[SUPPLIED INFORMATION]

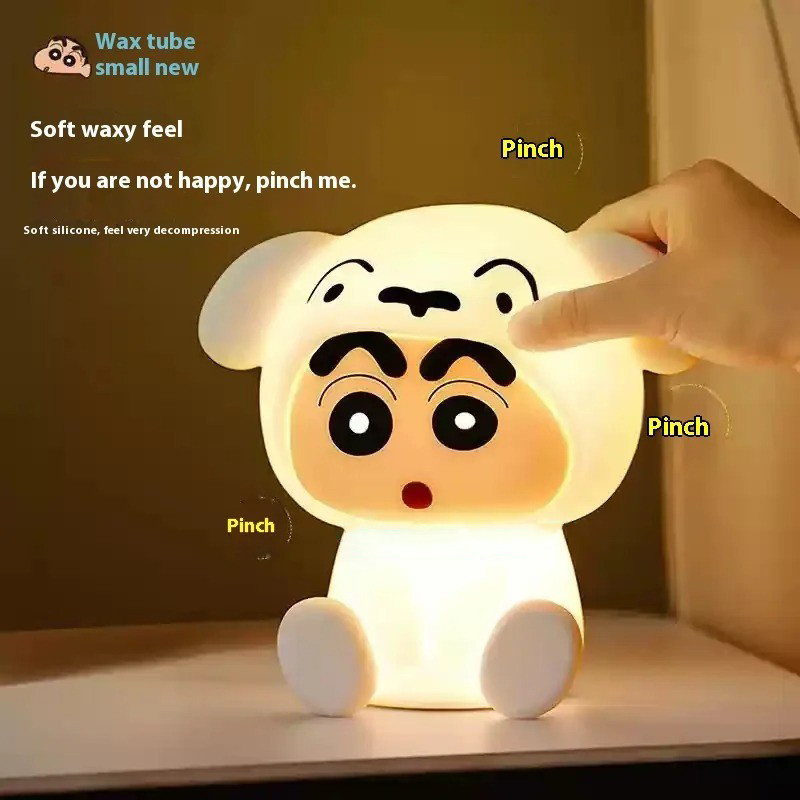 Cảm Ứng Cảm Giác Crayon Shin-Chan Đèn Ngủ Mềm Mại Dễ Thương Hai Tốc Độ Có Thể Điều Chỉnh Pat Đèn Phòng Ngủ Đầu Giường Đèn LED Trang Trí Bàn Làm Việc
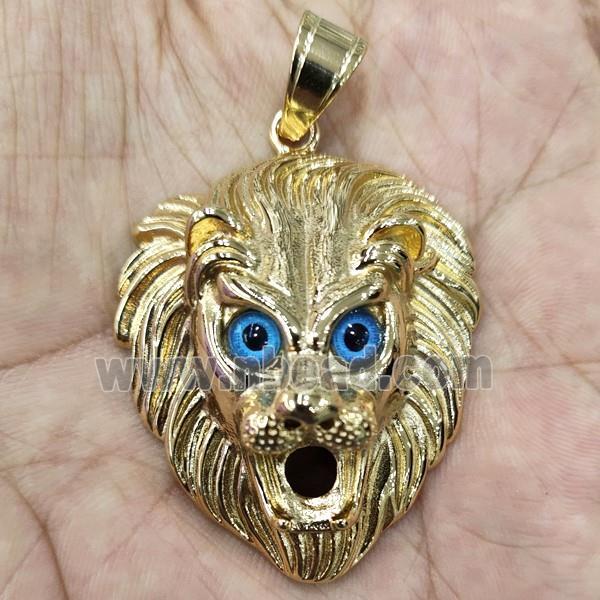 Stainless Steel Lionhead Pendant, Gold Plated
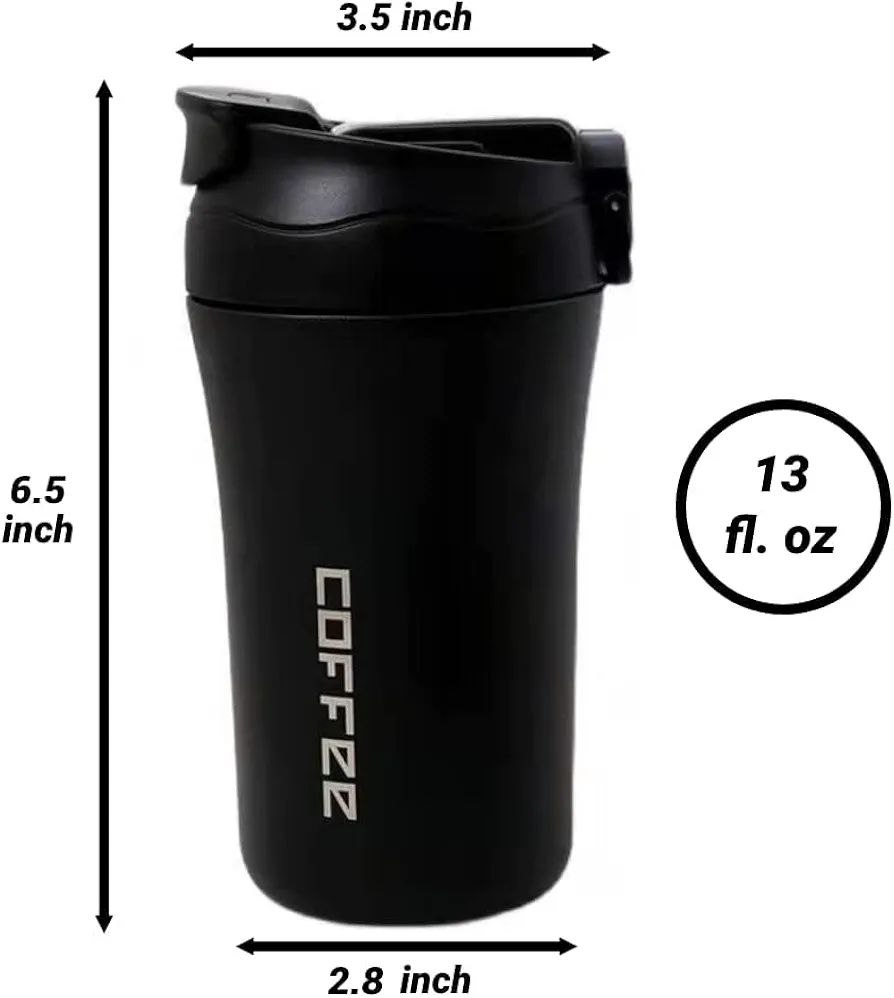 لیوان ترمویی استیل ۱۳ اونسی دربدار مدل COFFEE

[WORK ORDER]
A verbatim copy of the data, with all pictures omitted, is the required output.

[ANSWER AREA]
 Cảm Ứng Cảm Giác Crayon Shin-Chan Đèn Ngủ Mềm Mại Dễ Thương Hai Tốc Độ Có Thể Điều Chỉnh Pat Đèn Phòng Ngủ Đầu Giường Đèn LED Trang Trí Bàn Làm Việc
 Stainless Steel Lionhead Pendant, Gold Plated
 لیوان ترمویی استیل ۱۳ اونسی دربدار مدل COFFEE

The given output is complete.